One topic that comes up more and more frequently among customers is application availability and continuous operation. Currently, the Datacom Server process involves only a single instance, and this article provides some considerations and thoughts about different options in the event that the currently operating Server application fails. These same considerations apply if the LPAR on which the Server runs fails, when the Server runs on a different LPAR from the Datacom/DB MUF.

z/OS

In thinking about both Disaster Recovery/Business Continuance strategies and operational goals with Datacom Server (SRV), we believe the best place to start is to run multiple SRV instances. This is conceptually similar to the Shadow MUF (SM) approach, but with some advantages. While SM supports only one active instance at a time, a multi-SRV setup allows for simultaneous activity and offers greater flexibility.

There are essentially two models to consider:

1. Failover Model: One SRV instance is active, with a second activated only if the first fails — similar to SM behavior.
2. Active-Active Model: Multiple SRV instances are active across different LPARs. This is the more robust and scalable option, and the one we’ll focus on here.

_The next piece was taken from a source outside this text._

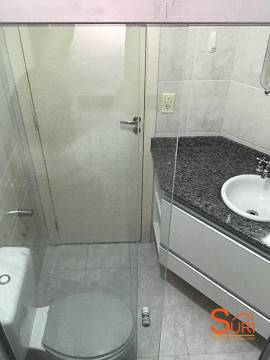 Apartamento à venda com 3 quartos, 113m² - Foto 22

In the active-active model, you’re not limited to two instances—you could run three, four, or more to distribute workload. For example, if you normally have 50 users on one SRV, you might configure two or more SRVs with 30–40 users each, providing both load balancing and failover resilience.

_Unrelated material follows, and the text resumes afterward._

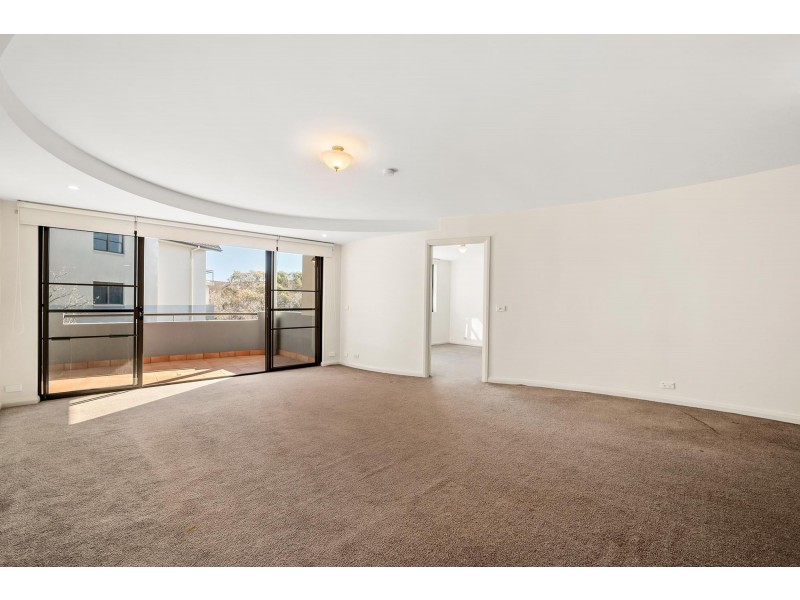 33/17 Eldridge Crescent, Garran ACT 2605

Workload Distribution Options

• Manual Assignment: Applications direct users to specific SRV instances (e.g., SRV1 or SRV2). This can improve throughput but requires application-side routing.
• Network Load Balancer (NLB): A more scalable option. An NLB routes traffic to available SRV instances based on defined criteria. These tools are commonly used by many companies for distributing load across several services (we use several of them here for customer file transfers to Broadcom support servers).

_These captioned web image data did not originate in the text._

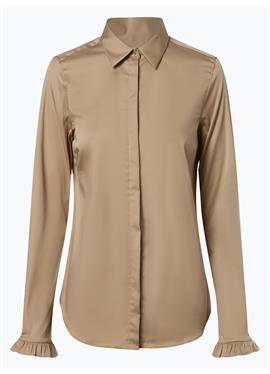 MMMATTIE FLIP - блузка рубашечного покроя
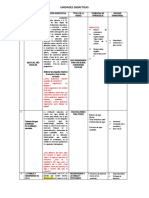 Situación Significativa 2019 Oficial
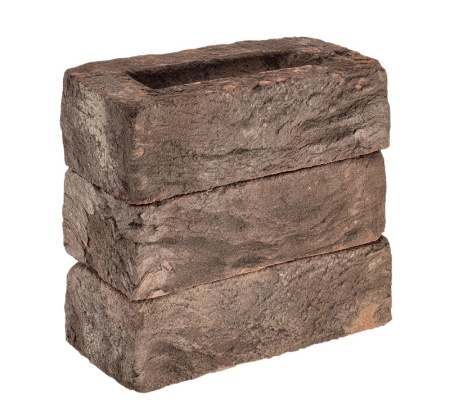 Кирпич Тандем Уваровское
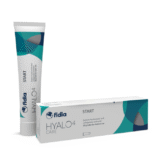 Hyalo4 Care Start 30 g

If you were using a NLB and then had an SRV failure, you could create an automated process to:

1. Remove the SRV instance from the load balancer (if necessary)
2. Send alerts
3. Restart the SRV (note: every SRV start is a Cold start)
4. Reintegrate the SRV with the load balancer once it’s back online (if necessary)

One benefit of using load balancers is that a single NLB can manage many services for many customers—multiple SRV instances for Prod, Test, QA, etc., as well as many other IP-based services—and it’s possible you already have one or more in place at your firm. More importantly, this option does not require application changes, as traffic is routed at Layer 4 (TCP).

Alternatively, you could build your own connection manager that holds multiple SRV connection strings and routes the requests accordingly. But this is labor-intensive, prone to error, and lacks the real-time adaptability and optimization a load balancer provides.

Processing Considerations

In Shadow MUF processing, failover is partially automatic when the Primary MUF fails. The SM detects the primary failure, completes its startup, but then the applications must reconnect anew (Datacom Server and Datacom CICS Services are both applications that use the MUF, and they handle that reconnection). Datacom Server, like CICS or a batch job, doesn’t inherently know how to handle complex business logic such as multi-table updates or custom rollback conditions. Though the MUF will back out inflight work to a sync point, after a failure and restart, it’s up to each application to determine how to resume processing. SRV would need to have lots of business rules definitions to try to deal with an outage automatically.

Finding the Real Question and Answer

Therefore, rather than trying to replicate Shadow MUF behavior, the better approach is to clarify the broader availability goals and choose a solution accordingly. For example:

Q: A single SRV is a single point of failure. What’s the solution?

1. Run a second SRV on another LPAR. But then:
   
   1. If it runs concurrently, it needs a new name, IP, Port, and connection string—your app must handle that.
   2. If it starts only on failure, why not just restart the original?
2. Running both SRVs simultaneously helps performance, but:
   
   1. What application changes are needed to manage multiple connections?
   2. How do we keep the connection logic updated as SRVs come online/offline?
   3. Is this added complexity worth more than a simple SRV restart?
3. What about using an NLB to handle traffic across multiple SRVs?
   
   1. How does the NLB detect if a Server instance is down? (NLBs may already support heartbeat monitoring.)

These are key trade-offs, and there may be more questions and configurations to explore. Remember, too, you would need to pilot any such configuration in a non-prod environment before considering it for production.

While any discussion and possible solutions here are hypothetical, this article will provide a good starting point to explore the options available to you.